Pas en veine de loin, il s’est donc rapproché. Du cœur du jeu d’abord en revenant organiser au milieu de terrain, en donnant de la voix et du geste pour tenter de remettre de l’ordre dans la maison parisienne. Puis en se rapprochant de la zone de vérité ensuite. Sa première occasion (34e minute), seul au deuxième poteau, a réveillé le kop marseillais. Des insultes sont descendues des tribunes, reprises de volée par les sifflets du kop parisien pour défendre leur star pris en défaut.

Mais c’est bien connu, Zlatan n’a besoin de personne pour plaider sa cause. Il se débrouille très bien tout seul. Il n’a pas tremblé face à Steve Mandanda pour transformer son penalty (46e), son quatrième face à l’OM cette saison. Ce but a lancé sa seconde période de la meilleure des façons. Elle allait lui appartenir. Sa passe décisive pour Cavani sur le troisième but est un modèle. Un beau symbole pour ces deux joueurs qui ont été opposés durant trois saisons. Une passe comme un passage de flambeau pour l’Uruguayen qui occupera peut-être le poste d’attaquant axial après le départ du Suédois ? Peut-être.
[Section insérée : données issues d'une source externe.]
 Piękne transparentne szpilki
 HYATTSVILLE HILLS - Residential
Mais ce débat n’intéressait pas le Suédois ce samedi soir, trop occupé à terminer son récital.

11 buts contre l’OM

Cavani parti célébrer comme un avion avec les supporters ce troisième but, Ibrahimovic a eu droit aux félicitations de ses coéquipiers. La fête allait être complète avec son doublé (82e). Son 11e but contre l’OM en quatre saisons. Steve Mandanda restera comme la deuxième "victime" préférée d’Ibra derrière Stéphane Ruffier (14 réalisations). On pardonnera aux Suédois ses gourmandises : sa filouterie pour obtenir un second penalty (77e) ou son crochet superflu alors qu’il s’était ouvert le but (79e). Laurent Blanc allait lui offrir un dernier moment de gloire en le sortant à la 90e minute. Une sortie en marchant évidemment et sous les vivas des supporters parisiens. Mais aussi sous les huées du kop marseillais. Une sortie à son image du joueur qu’il est : spectaculaire mais tellement clivant.